Estate Admin Expense Deduction 2026 Form 1041 vs 706
Estate administration expense deduction is an either-or election under IRC §642(g): the executor takes admin expenses (legal fees, executor commissions, accounting) either on Form 706 (estate tax under IRC §2053) or on Form 1041 (estate's income tax) — but never both. This 2026 calculator compares the tax savings of each path so you pick the higher-value election.
| Form 706 — Estate Tax Election (IRC §2053) | |
| Taxable estate before admin expenses | — |
| Admin expenses deducted on 706 | — |
| Taxable estate after deduction | — |
| Estate tax savings (Form 706) | — |
| Form 1041 — Estate Income Tax Election (§642(g)) | |
| Estate income (Form 1041) | — |
| Admin expenses deducted on 1041 | — |
| Taxable income after deduction | — |
| Income tax savings (Form 1041) | — |
| Election difference | — |
When an estate goes through formal administration, the executor pays expenses — legal fees, accounting fees, executor commissions, court costs, appraisals, brokerage fees on asset sales. Under IRC §642(g), those expenses can be deducted EITHER on the federal estate tax return (Form 706, under IRC §2053) OR on the estate's fiduciary income tax return (Form 1041) — but the executor must elect and cannot claim both. The choice can shift many thousands of dollars in tax.

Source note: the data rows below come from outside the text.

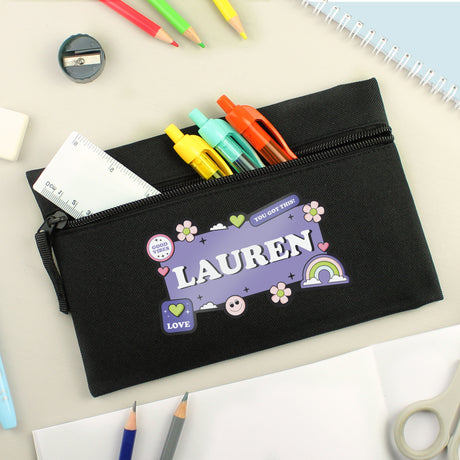 Personalised Good Vibes Black Pencil Case - Pencil Cases & Sets at Gift Moments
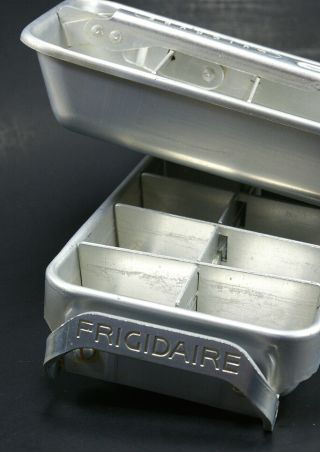 2 Vintage Frigidaire Quickube Aluminum 14 Ice Cube Trays - Handle Action Breaker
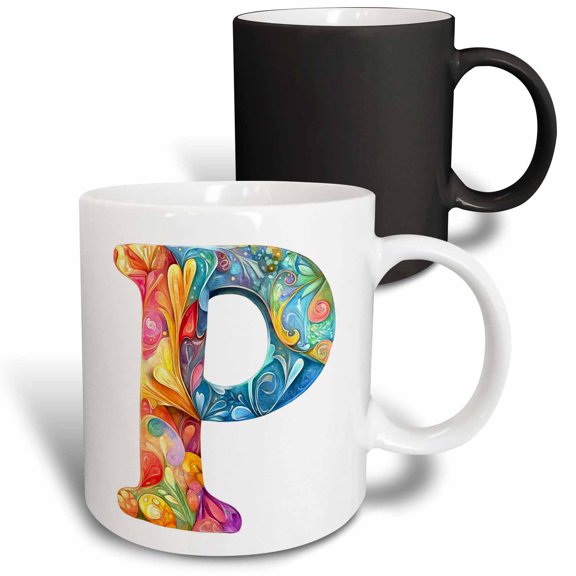 3drose, Colorful Monogram Letter P, 11oz Magic Transforming Mug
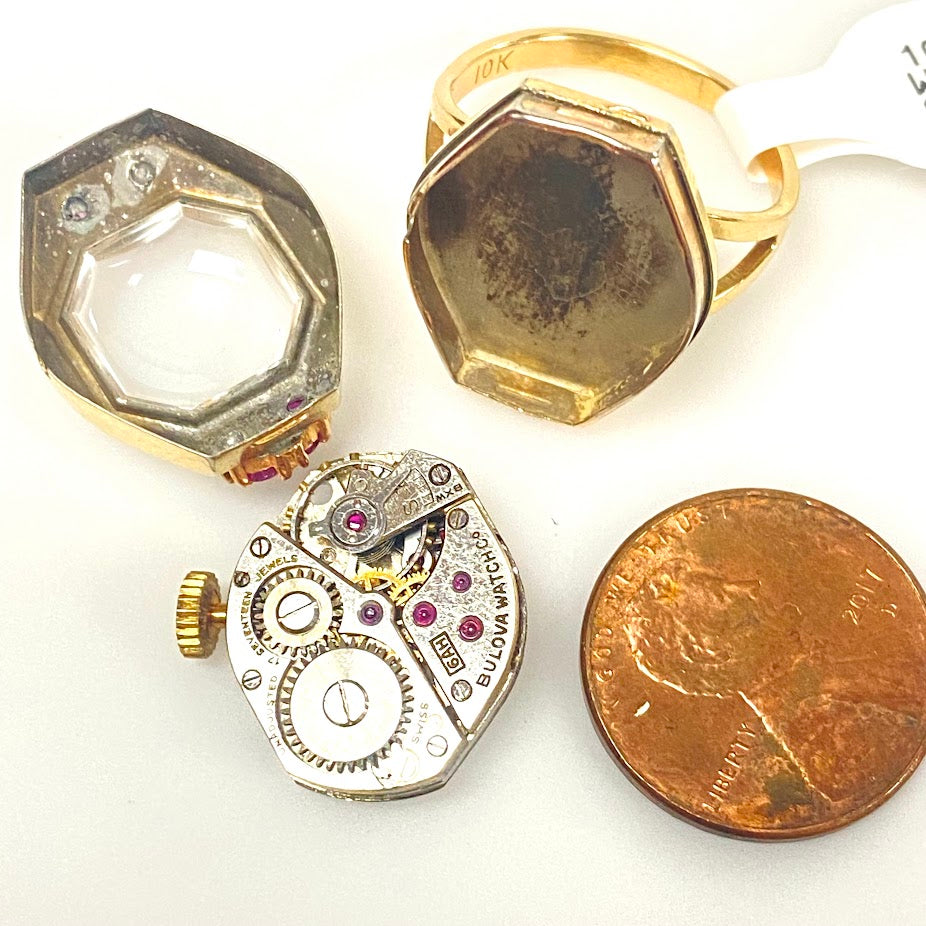 v392 Vintage 10K Yellow Gold Pink Ruby & Diamonds Mechanical Watch Ring Size 8
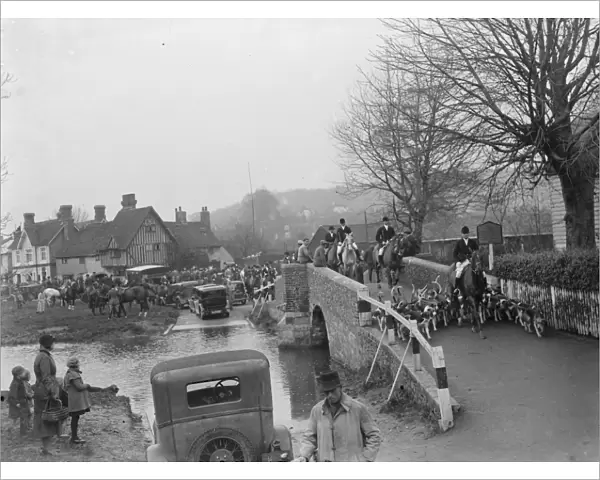 Royal Artillery Draghunt crossing the bridge over the Darent at Eynsford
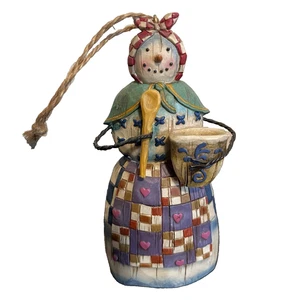 Vintage Jim Shore Hartwood Creek Ornament Snow Lady Schüssel Löffel Patchwork Rock 2003 - Bild 1 von 10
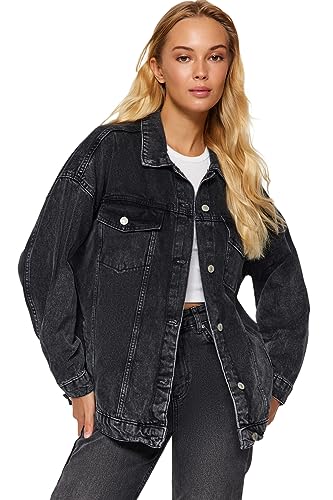 TRENDYOL Damen Trendyol Damen Oversize Standard Plain Denim Jacke Coat, Schwarz, XS EU von TRENDYOL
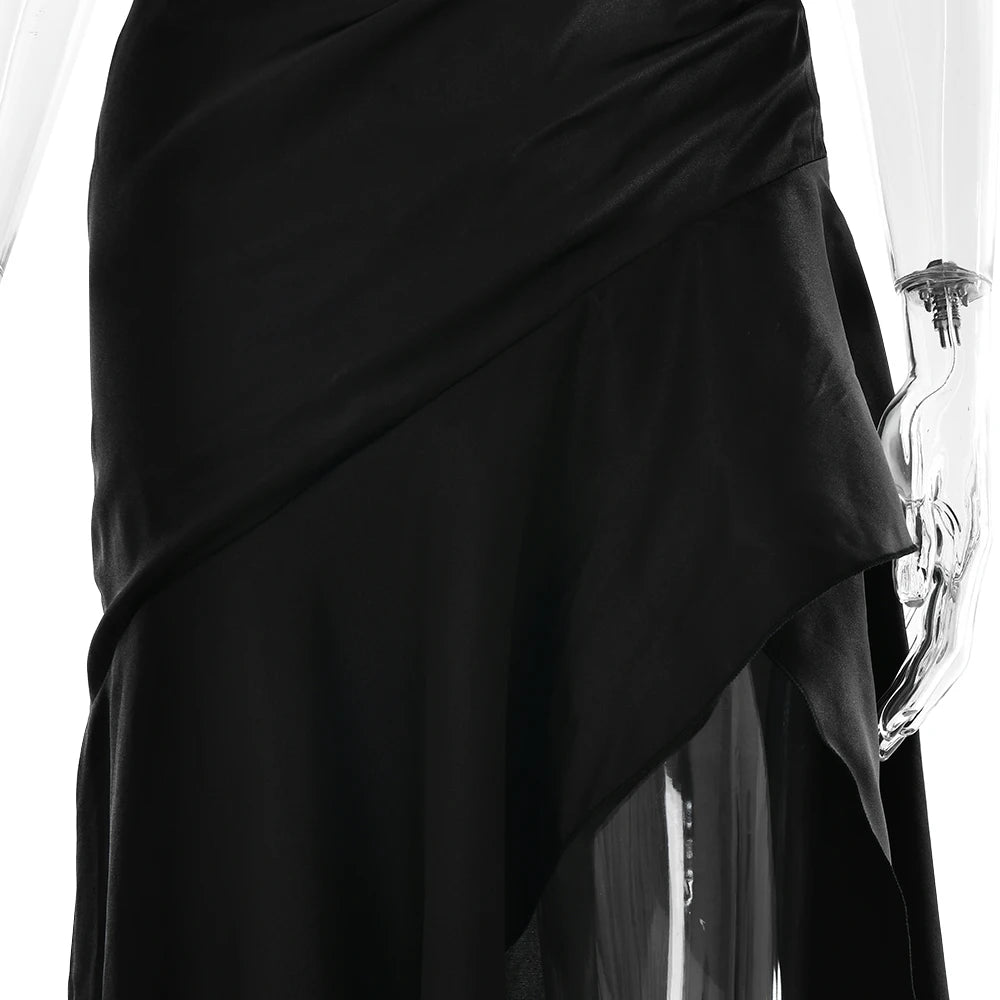 Articat Spaghetti Strap Dress - Satin Split Maxi Evening Gown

Form 706: Reduces the Taxable Estate
Under IRC §2053(a)(2), administration expenses are deductible from the gross estate when computing the taxable estate. The 2026 federal estate tax rate is 40% above the exemption (the One Big Beautiful Bill Act raised the basic exclusion to $15M per individual for deaths after Dec 31, 2025). For taxable estates above the exemption, every dollar of admin expense saves 40 cents in federal estate tax. If the estate is below the exemption (no estate tax owed), the §2053 deduction is worthless — pivot to Form 1041.

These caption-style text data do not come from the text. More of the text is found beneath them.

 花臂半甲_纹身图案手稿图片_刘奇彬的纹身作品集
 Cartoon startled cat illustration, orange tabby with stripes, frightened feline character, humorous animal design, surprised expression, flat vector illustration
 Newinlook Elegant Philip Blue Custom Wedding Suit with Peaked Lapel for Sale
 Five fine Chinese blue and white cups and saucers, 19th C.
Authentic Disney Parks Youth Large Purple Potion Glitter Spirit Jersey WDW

Form 1041: Reduces Estate Income Tax
Under IRC §212 and Treas Reg §1.642(g)-1, admin expenses can instead be deducted from the estate's income tax return (Form 1041). Estates and non-grantor trusts hit the top 37% federal income bracket at only ~$15,650 of taxable income in 2026 — much faster than individuals. So if the estate generates substantial income during administration (interest, dividends, rental income, sale of appreciated assets), Form 1041 can be the higher-value election. Plus the deduction can flow through to beneficiaries via Schedule K-1 in the estate's final year (excess deductions under §642(h)(2)).

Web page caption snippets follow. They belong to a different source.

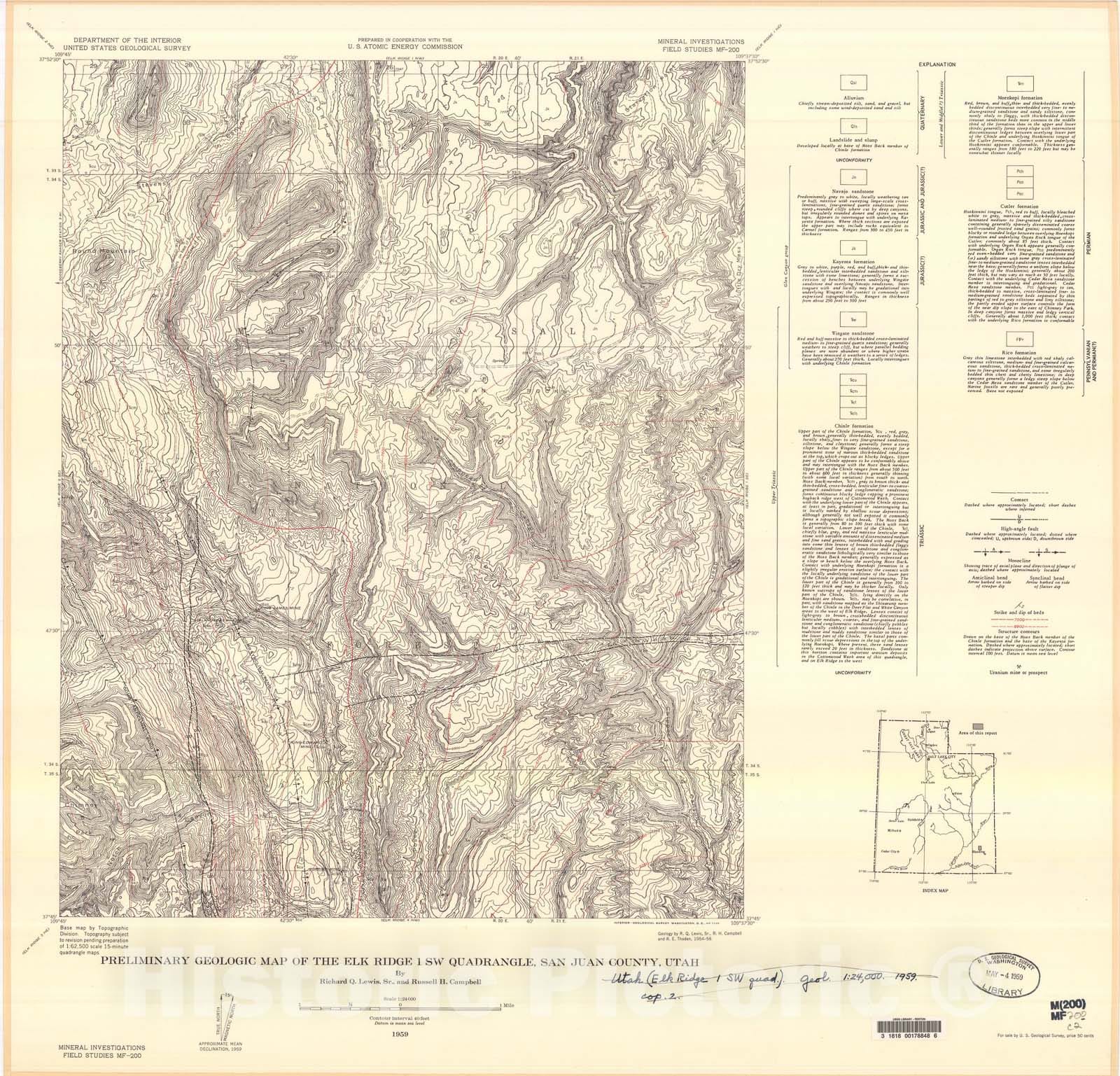 Map : Preliminary geologic map of the Elk Ridge one SW quadrangle, San Juan County, Utah, one959 Cartography Wall Art :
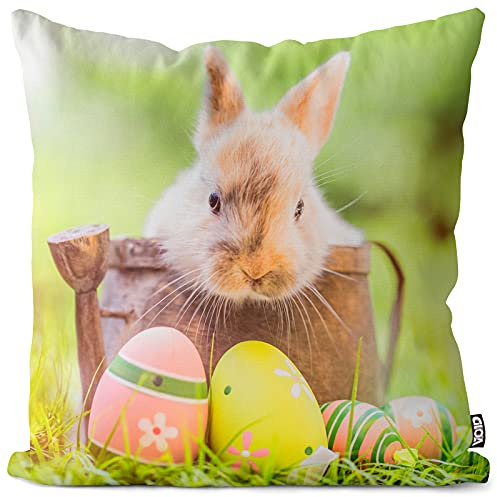 VOID Ostereier Hase Osterhase Kissenbezug 80x80 Kissenhülle Polyester Zierkissen Couchkissen Ostern Osterdeko Deko, Kissen Größe:80 x 80 cm
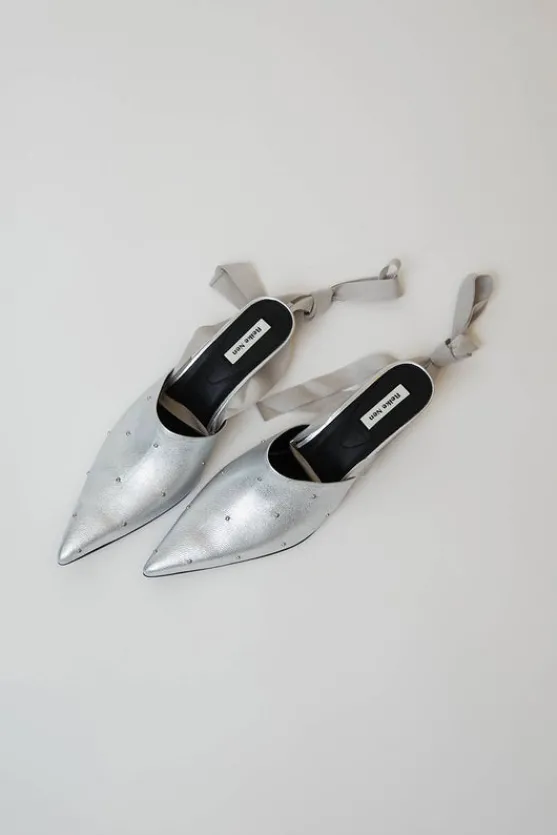 Byul Ribbon Mules in Silver^No.6 Store Fashion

The §642(g) Election Mechanics
The executor must file a written statement waiving the §2053 estate tax deduction in order to take the §212/§162 income tax deduction on Form 1041 (Treas Reg §1.642(g)-1). The waiver is irrevocable once filed. Selling expenses (broker commissions on asset sales) and casualty losses get special treatment — they can be allocated partly to 706 and partly to 1041. The executor can also split admin expenses item-by-item: deduct $40K of legal fees on 706 and $20K on 1041, for example, as long as no dollar is deducted twice.
When Each Election Usually Wins
Choose Form 706 when the taxable estate exceeds the exemption AND the marginal estate-tax rate (40%) exceeds the estate's income tax marginal rate. Choose Form 1041 when the estate is below the estate-tax exemption (no estate tax due), OR when admin expenses exceed taxable-estate excess (i.e., the deduction would otherwise be "wasted"), OR when the estate has high income relative to expenses. Mixed allocation is often best for large estates with both substantial estate tax exposure AND meaningful Form 1041 income — split expenses to absorb both tax bills efficiently.
Last updated May 2026. Sources: IRC §642(g), §2053, §212, Treas Reg §1.642(g)-1, IRS Pub 559.